Last week, Ironman announced a policy that would mirror World Triathlon’s policy change they set last summer, which also followed much of what UCI did. They called for similar testosterone restrictions, but also added stipulations saying that a trans woman could not have been a competitor as a male in swimming, cycling, running/track and field or cross-country skiing at any time in the last four years, or they would be subject to a four-year moratorium where they must compete in a nearly formed “open” division prior to consideration to compete as a woman.

Chris Mosier saw Ironman’s trans policy upgrade as a “four-year ban” on trans women.

Multievent athlete Chris Mosier, who is trans, termed the action not as the compromise some lauded but as a ban by other means. “It’s not a forever ban, but it is a four-year ban,” Mosier siad via Twitter. “This policy creates a huge barrier for athletes looking to participate who are understanding themselves as they are participating in sport, just like I was when I started. In fact, triathlon was integral in my process of understanding myself as a transgender person.”

Think about what Mosier’s saying in light of the stampede of anti-LGBTQ legislation, mainly targeted at transgender youth, across the country.
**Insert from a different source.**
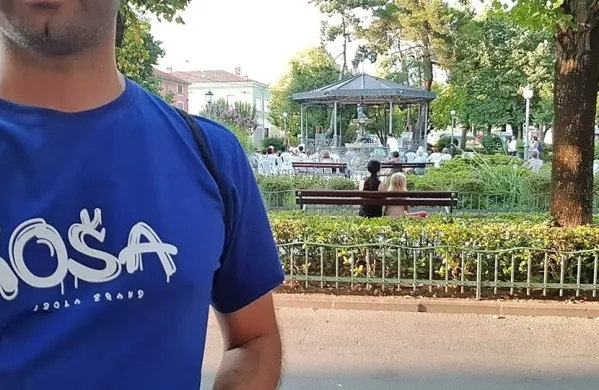 Izolski sleng so najprej zapisali v slovar, kasneje pa še na 
majice.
In the current state legislative sessions nationwide, 301 anti-LGBTQ bills have been filed and debated across 17 states. A third of those directly deal with keeping transgender students out of scholastic and intercollegiate athletics.

Earlier this week one of those states, Virginia, pushed a proposed ban through from it’s House of Delegates to the Virginia Senate, calling it a ‘protect women’s sports” measure. The state lone transgender elected official, Delegate Danica Roem, called out the bill’s true intent.

Virginia Delegate Danica Roem blistered supporters of trans student-athlete ban and said the focus should be issue such as pay and resource equity in women’s sports.

“If we want to support female athletes show up for their games. Fight for equal pay for them,” she stated on the floor of the House of Delegates. “But at the same time to beat up on trans kids because nine trans kids last year wanted to play sports we’re going to affect a policy for more than 1.2 million students?”

I share the delegate’s frustration on that issue. I’m frustrated with all of what we’ve seen in the last few weeks. I wrote about this not long after a few Tampa Bay Rays spouted their objection to a rainbow patch on the jersey last June.

The retrenchment has grown since then, and it makes me groan in disbelief.

What does a Pride Night or a Pride Game mean to me? It’s a simple acknowledgement that I’m welcome to be in that seat and root for that team and enjoy this sport. It is exactly as a certain Gary Bettman stated when Luke Prokop announced his coming out, “LGBTQ players coaches and staff can perform at their absolute best if they live their lives as their full and true selves.”

It’s the same acknowledgement that having a governing body that would talk to people like me and get our perspectives and use those to build inclusive sports policy is a sign that I am welcome to take the field fully and authentically. I see the continued push away from inclusive policy based on fear that some future Lia Thomas will rise out of the depth and “destroy women’s sports” as a sign that “trans need not apply”.

Two years ago, I saw a signs of change for the better at the highest levels of sports. It’s disappointing to see big league organizations acting and thinking small now.